Your design insight could be "Users need a new way to schedule from home screen". However, it could be considered too specific to be an insight and would more be called a "finding".
There is no precise definition of an insight, it is a statement that summarize research and that could have an impact.
To know if it is an insight, ask these three questions :
- Does it say something about the attitude, behaviour, needs or context of your users in general (i.e. is true, regardless of your product or solution)?
- Is it a fundamental principle you’ve discovered, like a behavioural or design pattern?
- Does it say something about your brand, product or service in its entirety and not just a small part of it?
Can you answer at least one by "yes" ? It is an insight.
(source : https://www.reveall.co/blog/how-to-write-valuable-user-insights)
From a usability test, you can have different types of insight depending on the nature of the study : quantitative or qualitative.
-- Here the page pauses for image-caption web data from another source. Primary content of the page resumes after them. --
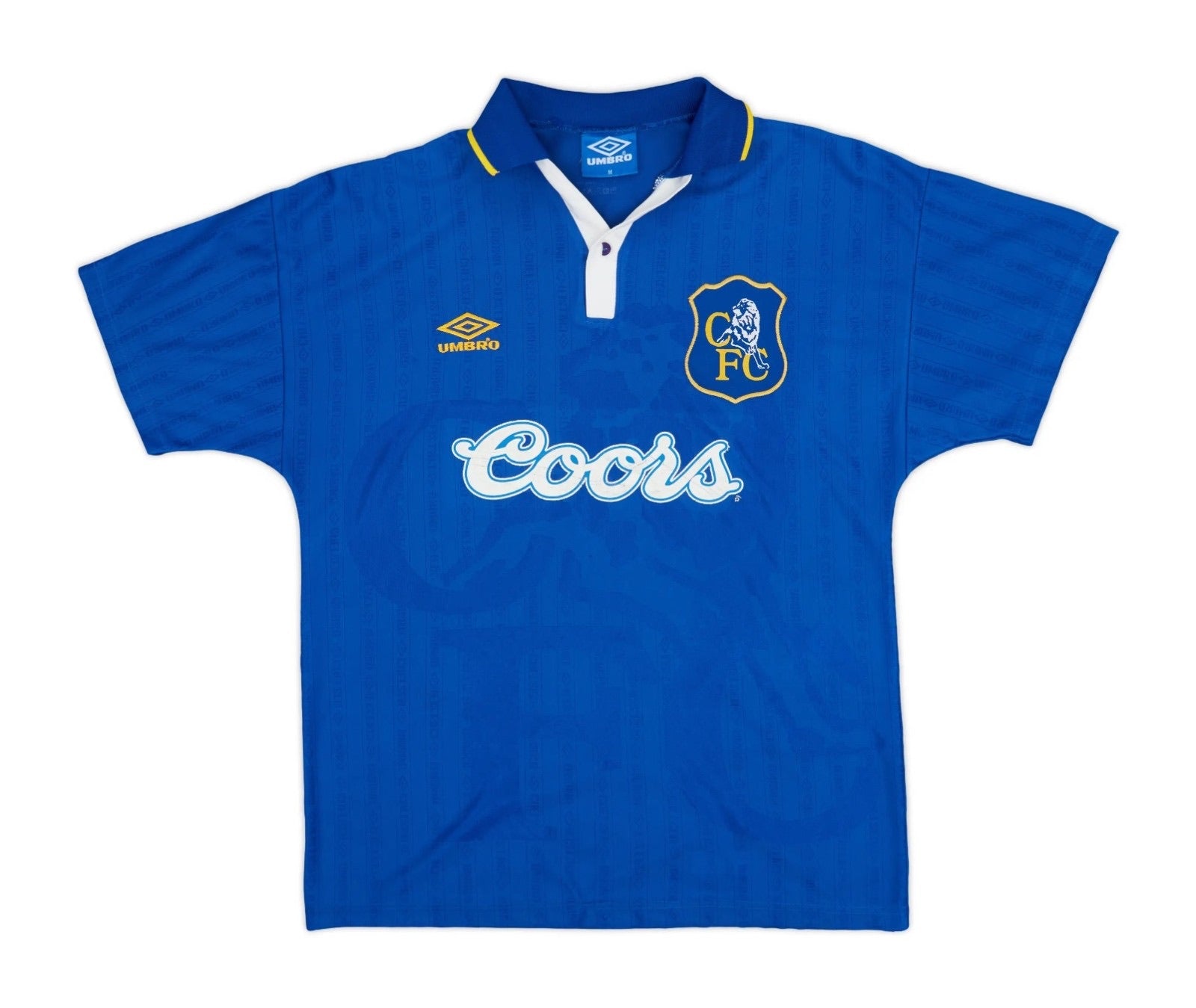 Chelsea Home 95/97’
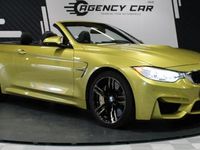 Occasion BMW M4 Sport Line 431 ch (317 kW) 2014 Cabriolet
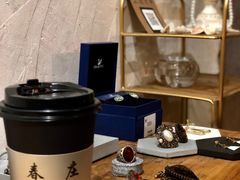 -春庄咖啡SpringHues(钟楼小区店)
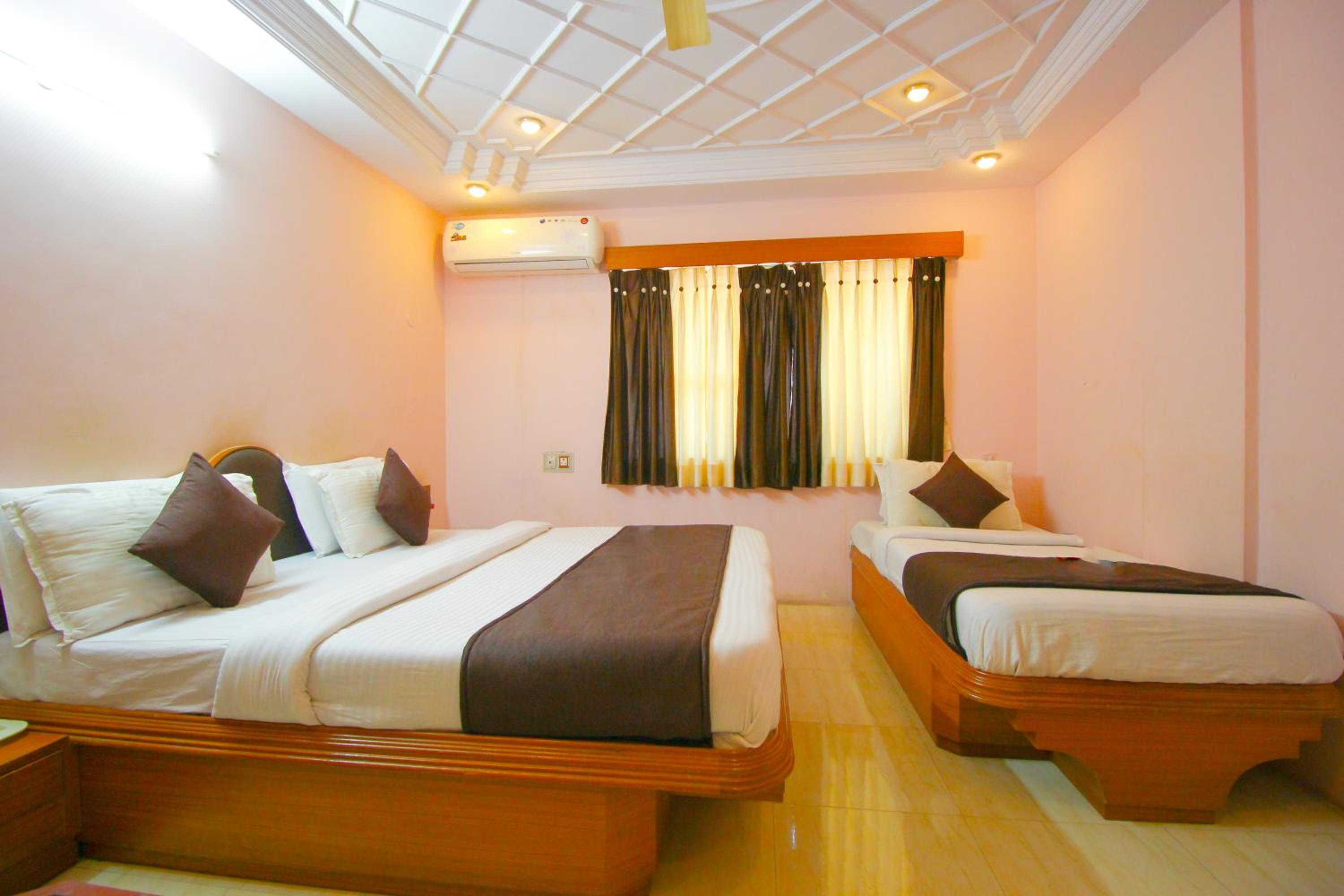 Luxury Triple Room - Photo 7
In either, there is a ton of information, findings.
For my part, to find insights, I start by sorting the problems by severity and frequency and look at the overall results.
Here are the problem severity from usability.gov :
- Critical: If we do not fix this, users will not be able to complete the scenario.
- Serious: Many users will be frustrated if we do not fix this; they may give up.
- Minor: Users are annoyed, but this does not keep them from completing the scenario. This should be revisited later.
(source : https://www.usability.gov/how-to-and-tools/methods/reporting-usability-test-results.html)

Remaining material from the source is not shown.